Jim Pinto w beardI took 10 days off to go on vacation in Europe. I tried to write ahead, but ran out of time. So last week I reposted several older items.

We did the Danube cruise on Viking (you can see its ads on Masterpiece Mystery on PBS) from Nuremberg to Budapest–two of my favorite cities.

Three are many notable takeaways from the trip, but one thing stands out from a professional perspective. That would be workforce recruitment and training.

Every person on the ship’s staff was obviously screened well and then trained impeccably. It’s the same reason I like to stay at Marriotts. The staff is invariably friendly and trained–not only to do their jobs well but also to excel at customer service.

This contrasted markedly with the poor American Airlines guy who was managing (sort of) the queue through security at JFK. He’d do one thing, then reverse himself, then reverse again. All this in the space of 15 minutes! The queues were hopeless. Some industrial engineering training would go a long way toward adequate customer service at JFK.

Big Data and Jim Pinto

Meanwhile, I’ve finished sorting through about 1,200 emails today in addition to a couple of meetings. Catching up with work after a trip is so much fun.

Jim Pinto’s latest blog message was buried in my email folder. Turning from his recent ruminations on life, he turned to the Big Data subject.

Here’s Jim’s summary:

A revolution that compares with the impact of the Internet is changing the way that business, politics, health, education – almost everything – is being conducted. It is pervasive to the extent that everyone knows that it’s there, but no one can do anything to stop encroachment Every digital process that surrounds everybody at all times generates data: messages, updates, images posted to social networks; readings from sensors; GPS signals from cell phones. What’s revolutionary is that something can now be done with the data. Online retailers develop algorithms to predict what individual customers like, performing better every time recommendations get a response or are ignored. Political campaigns analyze large datasets to create predictions, giving data-savvy campaigns a major advantage. Big data has become the basis of competition and growth.

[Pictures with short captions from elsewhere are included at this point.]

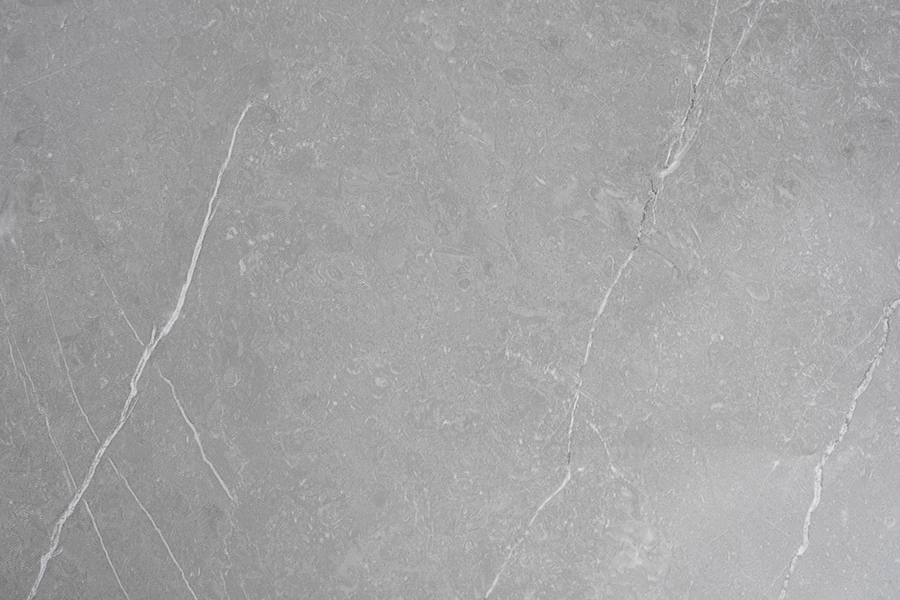 Jazz hvid marmor PVC-udskrivning dekorativ film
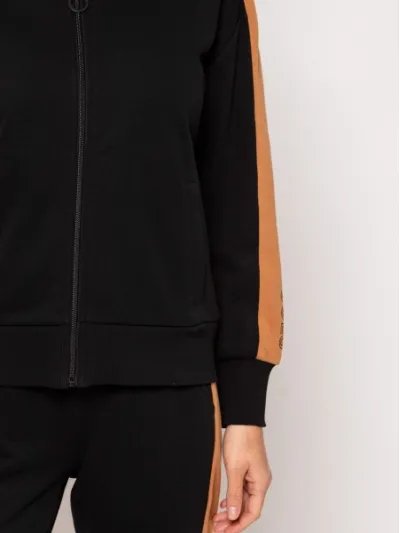 Heavy Tools - TAME - Női melegítő pulóver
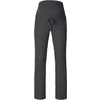 Noppies Casual Hose Parks Grey Melange
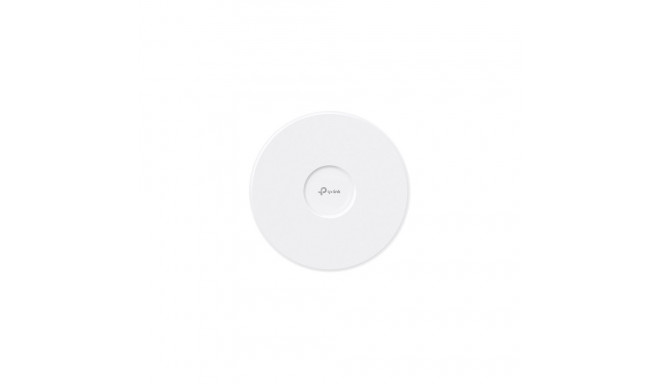 TP-LINK Omada EAP783 Wifi 7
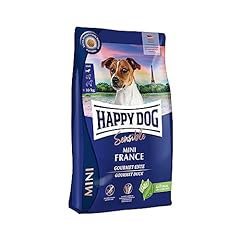Happy dog sensible gebraucht kaufen  Wird an jeden Ort in Deutschland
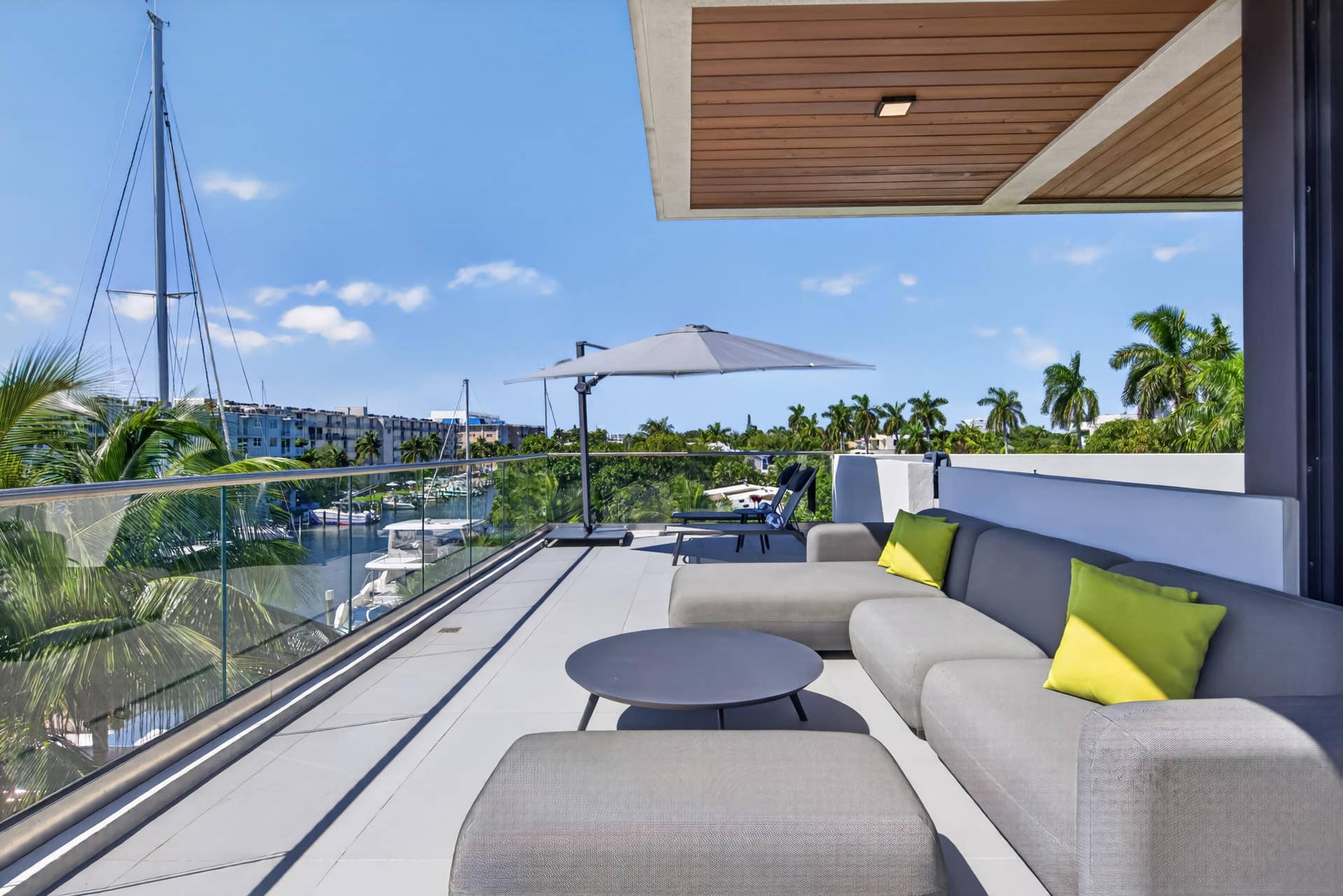 1736 SE 14TH Street, Fort Lauderdale, Fort Lauderdale, FL 33316 LVS - Villa Jade-38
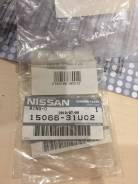 Кольца уплотнительные. Nissan: Maxima, Altima, NV200, 370Z, Almera, Xterra, Bluebird Sylphy, Cedric, Cima, Stagea, Dualis, AD, Note, Livina, Wingroad...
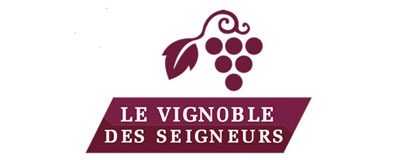 Le Vignoble des Seigneurs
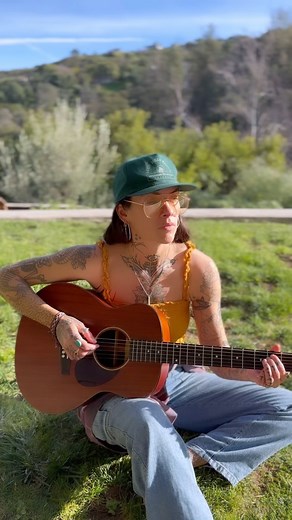 12K views · 458 reactions | Another version  | Lily Fangz | Facebook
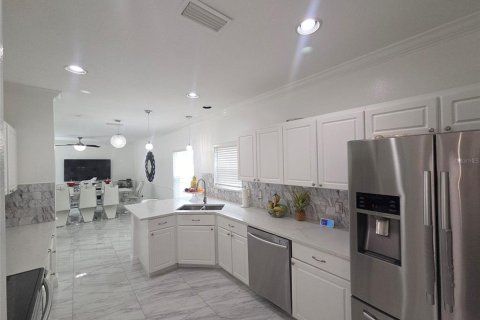 Casa en venta en Ellenton, Florida, 3 dormitorios, 172.05 m2 № 1903606 - foto 17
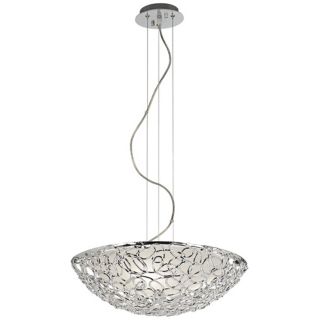 View Clearance Items Chandeliers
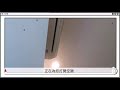 【3c控】用嘴控制家電 小米小愛pro ai音箱萬能遙控版測試來咯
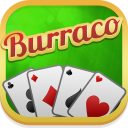 Burraco: Classic Card Game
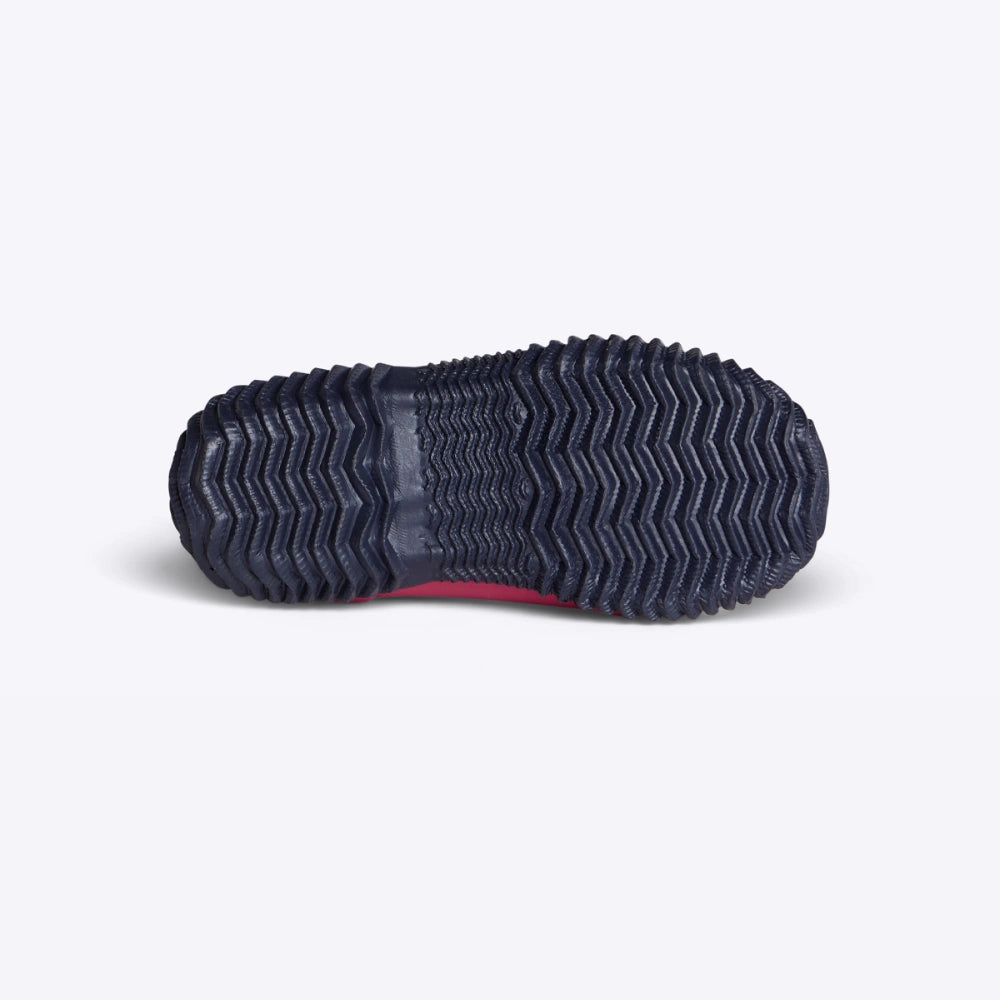 Nike gumboots clearance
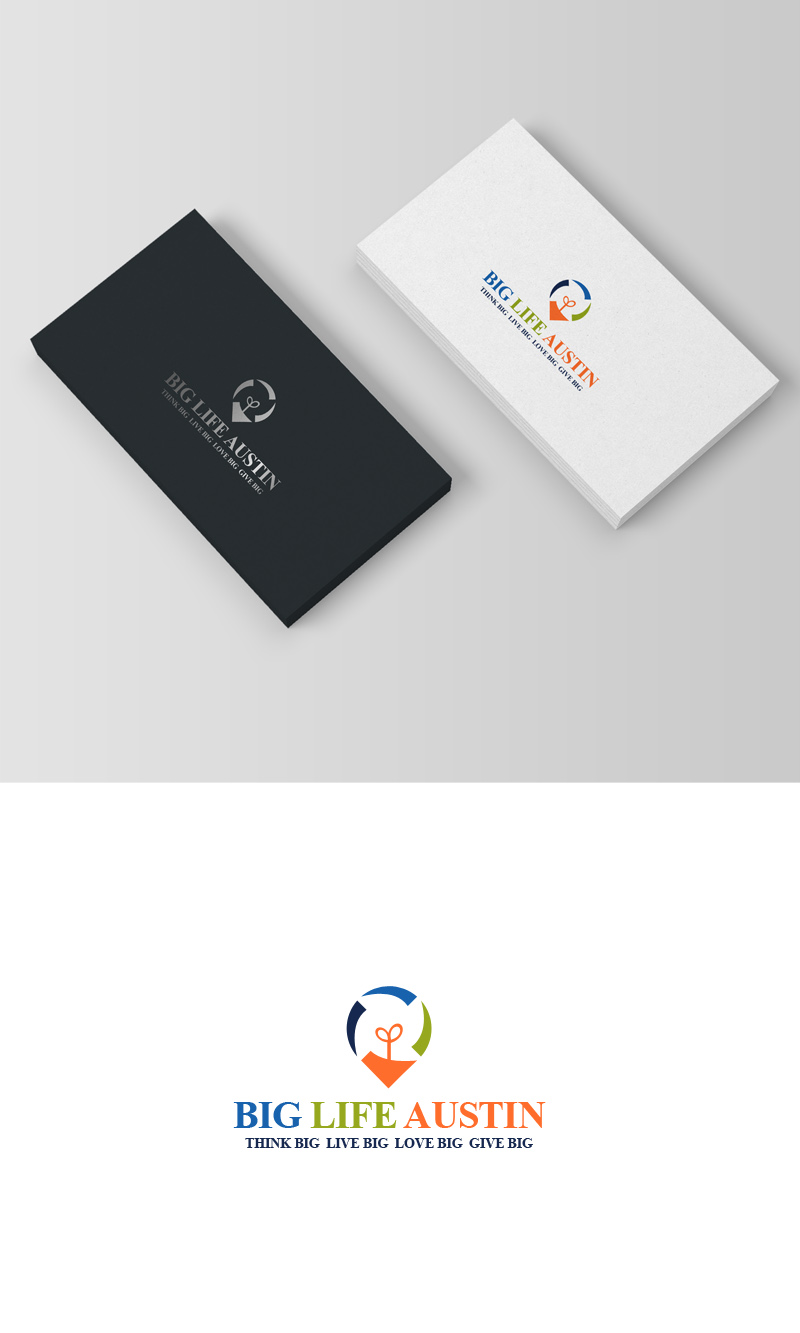 Design de Logo par logo_s pour ce projet | Design #18124360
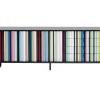 Kommoden & Sideboards-KARE Design Sideboard Concertina Colore 186X74Cm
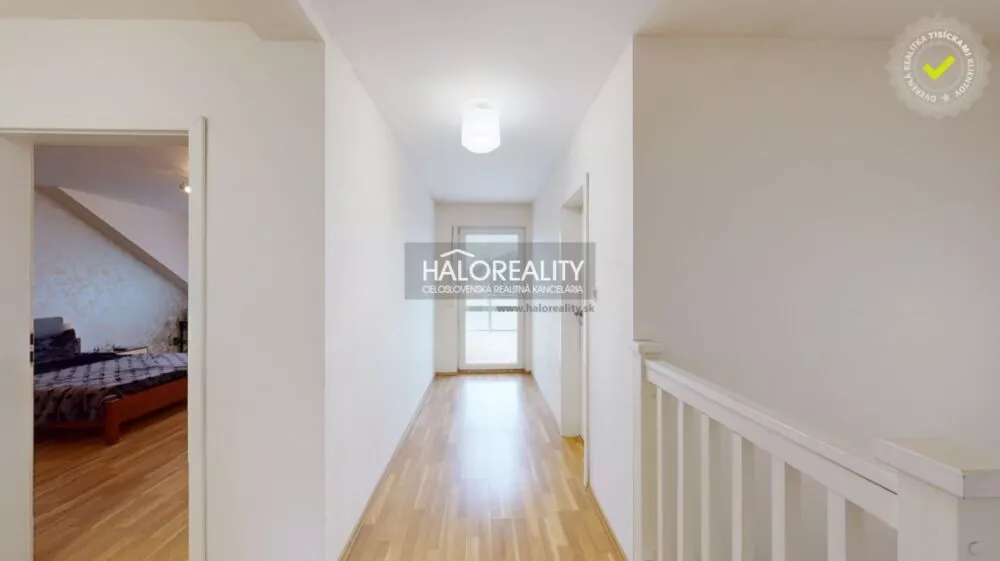 Rodinný dom na predaj 182m2, Malinovo, 149598_19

What with sensors everywhere, all that data must go somewhere in order to be useful. The consumer domain has been struggling with this. And it is all so debatable. Is is service or invasion of privacy for all these consumer companies to compile all that data about us? On the one hand, they hope to serve us ads and information that would be relevant to what we’re interested in. On the other, what if a nefarious agent–say the Department of Homeland Security or the local police–grabbed all that data and then trumped up charges against us?

In the manufacturing/industrial domain, ubiquitous sensors and massive amounts of data are old hat. But…are historians adequate to the tasks required by modern manufacturing methods? What do we need to learn and incorporate from the new database technologies from consumer big data? Who is working on that? This is crucial to the success of Industrial Internet of Things.

Anyway, check out Jim and debate with him–he loves that!